S(H)IBBLOTEH:Our Daily Dread

S(H)IBBLOTEH:Our Daily Dread

Something
happened to the discourse on bread in Nigeria when Auntie Dora, whom
you know as the “NAFDAC Woman,” tried to teach some bakers that what is
used in preserving a dead body should not be used in preserving a loaf
of bread meant for human consumption.
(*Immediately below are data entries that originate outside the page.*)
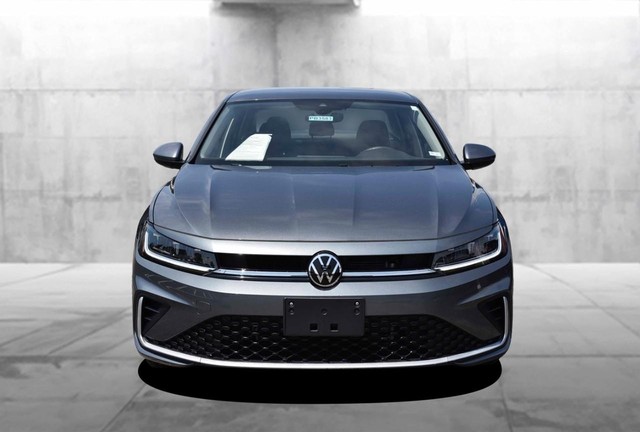 Volkswagen Jetta Vehicle Image 04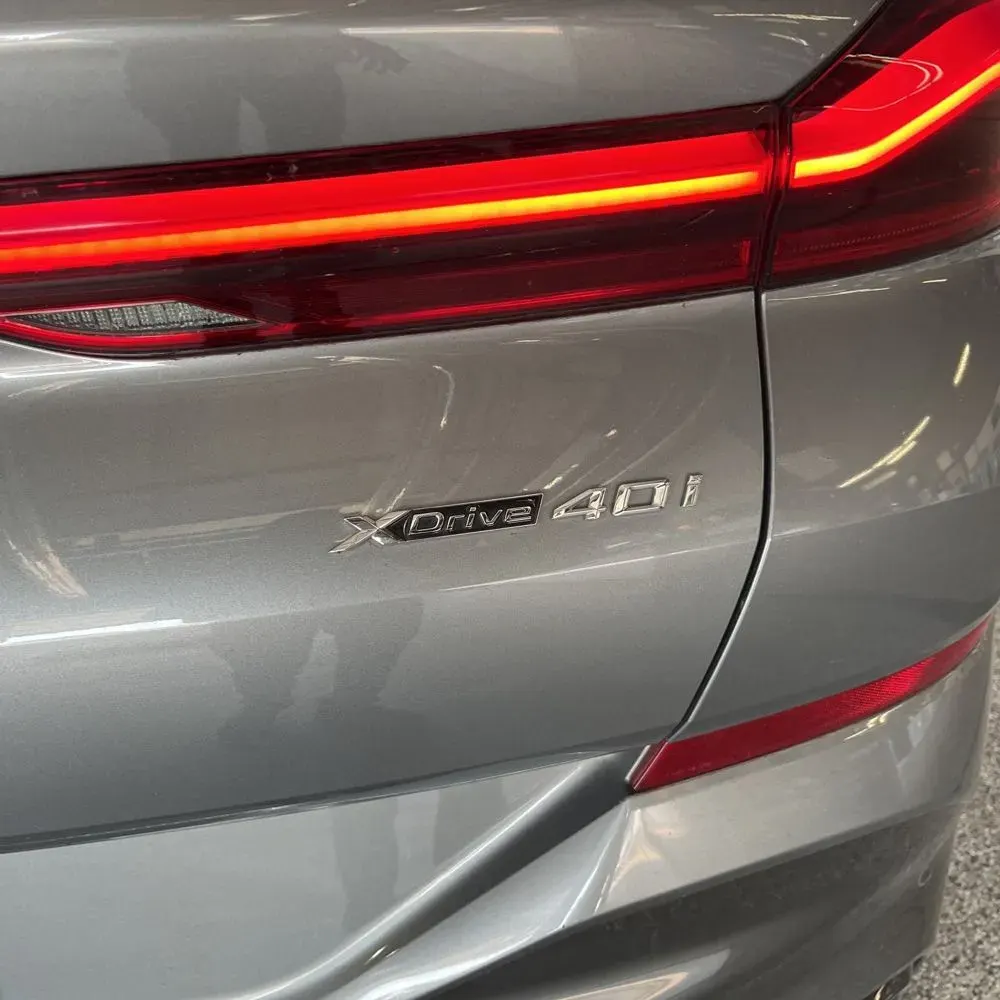 2025 BMW X6 XDrive40i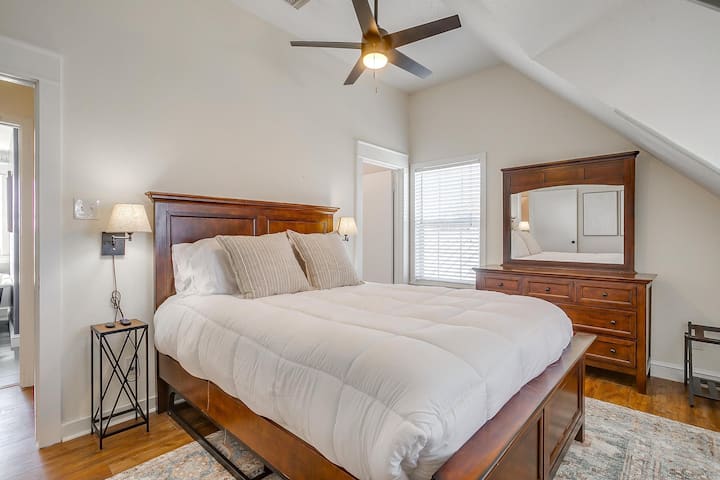 Chumba cha kulala cha Queen cha ghorofa kilicho na bafu la Ensuite 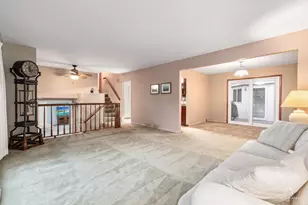 1340 E Rosita Dr, Palatine, IL 60074 - Photo 6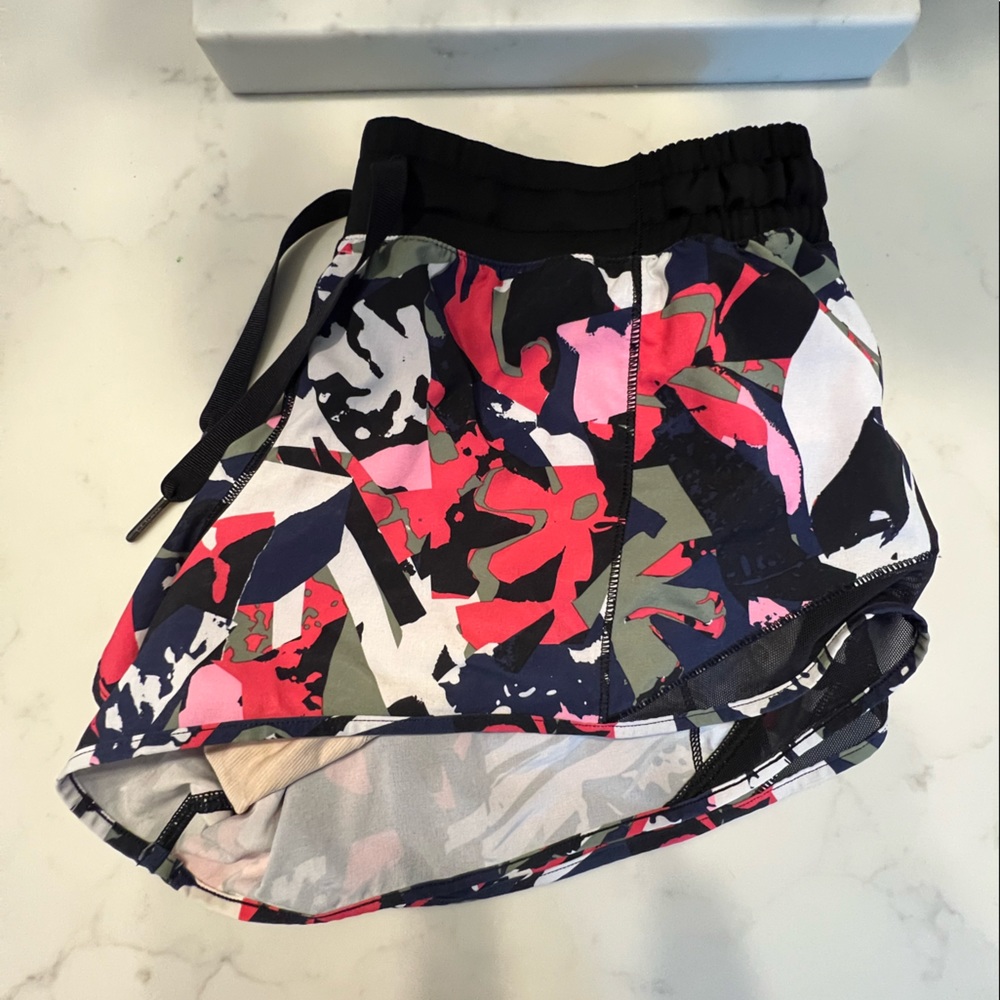 Womens Lululemon 2.5” shorts- size 10.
Nigerian consumers of these
loaves were praying, “Give us this day our daily bread” but ironically
the bakers were answering their prayers with “well preserved” loaves of
“dread.” For them, the transformation of bread to dread was a special
work of scientific genius, with the consumer easily crossing the
threshold of life just as in the phonemic space of the word; a “b” that
looks backwards becomes a “d.” If “b” is for “birth” and “d” for death,
then a “b” that has looked back like Lot’s wife to become a “d” has
exhibited the highly appealing condition of life-after-life. Auntie
Dora did not like this tragic discourse and so quickly banned the
production and sale of bromated bread. But that was not the end of “our
daily dread.” It is one thing to deliver bread from bromate and other
poisons and another to protect it as it makes its journey from the
bakery to the dining table. One who observes the handling of loaves of
bread in our markets and streets would in fact wonder whether it would
not have been better for us to ask God to give us our daily “akpu” or
“eba” instead of the kind of loaves that would mean greater wahala for
the consumer.

OK, here is a
playback: a bread vendor is faithfully going round, with naked loaves
on her tray, thinking, perhaps, that a naked loaf is more tempting than
a dressed one. One loaf of bread in search of adventure would roll off
the tray and fall into the gutter. The bread vendor would not tolerate
that impudence: she would pick the disobedient loaf up and then flog it
with a piece of cloth, most probably the one she had made into a pad
and had been using in balancing the tray on her head. Then, when she
has executed the punishment, she would put back the loaf on the tray.
Much later, you could see her trying to impress her customers by using
a duster that wears a serious frown on its face to “clean” the loaves.
A clean loaf needs a massage, always. That, too, is an advertisement
strategy, for someone would see the “retouching” and develop an
appetite.

As I contemplate
turning a bread experience into a S(h)ibboleth essay, a taxi pulls up,
and I can see naked loaves of bread packed in the greasy luggage
carrier and even inside the passenger area of the vehicle. The local
vendors – mostly women – rush in to be the first to buy the naked
loaves. As they say in Igbo, “Anu bu uzo na-anu mmiri oma” (The animal
that reaches the water first takes a clean draught). The women struggle
for the naked loaves and the naked loaves struggle for space on the
trays, cartons, and sacks. Some loaves fall on the ground and are
picked up again and placed on the trays or in the cartons. And each
loaf picks the smell and stain of each space it occupies on its journey
to someone’s mouth.

Minutes later, Mama
Bread-and-Butter begins to make her round, with the loaves not dressed
in transparent cellophane. She stops as a customer beckons her. She has
an itching nostril, and so digs into each nostril with her finger in a
kind of practiced scrub. With the same hand she grabs a loaf and slices
it, then butters it and hands it over to a man waiting. The man takes a
bite and then pays. I am horrified and have to pray to God not to puke.
But within my heart, a heretic prayer is already forming: give us this
day our daily dread! Auntie Dora should hear this, I swear under my
breath. When next she comes, she should inspect the nostrils of Mama
Bread-and-Butter. Auntie Dora should also interview the loaves of bread
so that they could tell her how they make their journey from the bakery
to a man’s mouth, where and how they were dressed and undressed.

As I get ready to
go to church, I have to rehearse Our Lord’s Prayer properly, for if
care is not taken, I could start uttering, “Give us this day our daily
dread” when others are saying “Give us this day our daily bread.”
Someone would think I am devilishly trying to add some bromate into the
bread the Lord is baking for His people.